The case concerned a Data Subject Access Request (DSAR) made by the claimant to the defendant via email correspondence. Under the relevant statute and rules, the defendant, as a data ‘controller’ was required to comply with this request within one month and furnish the claimant with his personal data.
The claimant wrote several further emails to the defendant, to various email addresses. He claimed that these emails ‘bounced back’ and that he had never received a single email from the defendant. The defendant’s case was that it had in fact sent the claimant’s personal data to him via email within the one-month period.

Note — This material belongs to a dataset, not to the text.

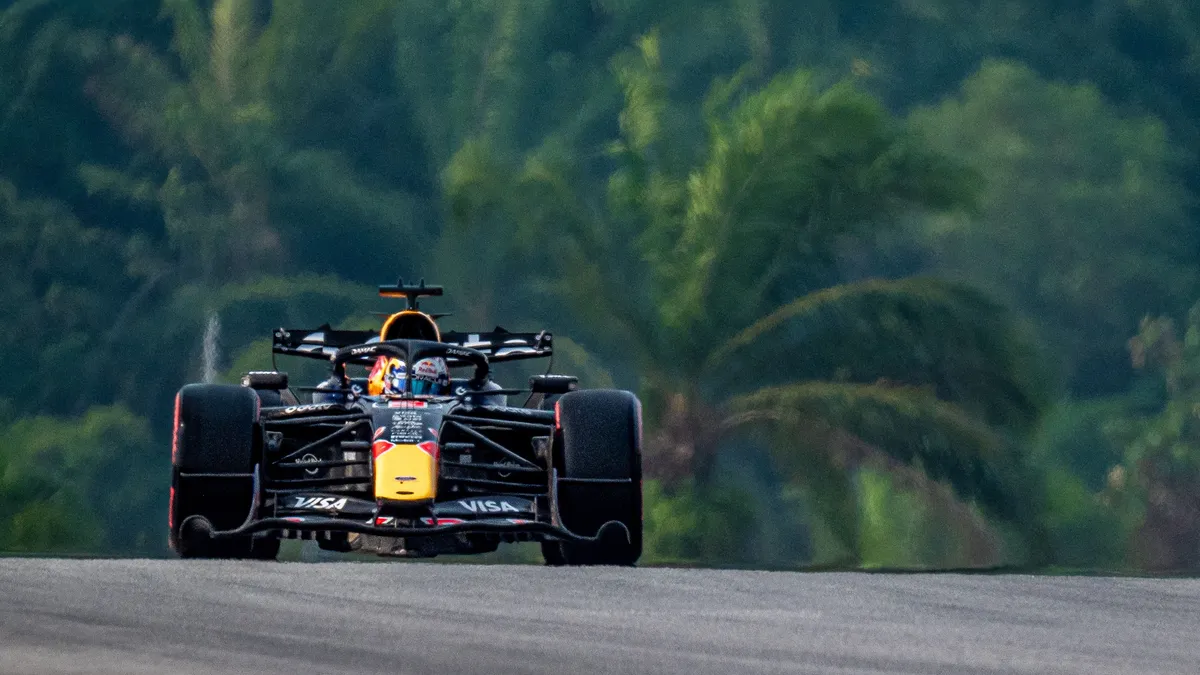Max Verstappen takes pole for Bahrain Grand Prix qualifying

Despite an attempt at mediation, the claimant continued to maintain that the defendant was in breach of their obligations, and that he should be entitled to compensation; this was for distress caused by the breach ‘per se’ and compounded distress for not being able to address ‘a gambling addiction’ without his personal data.
After submissions, the Deputy District Judge found in favour of the defendant. In his judgment, he found that whilst it was impossible for the claimant to prove a ‘negative’- that he had never received any emails- he found that the defendant had complied with its statutory obligations as far as it was required to. Further, he found that even if the claim had been successful, any distress said to have been suffered by the claimant was not properly evidenced to warrant the desired compensation.
Isotta Reichenbach was instructed by Archie Berens of Costigan King.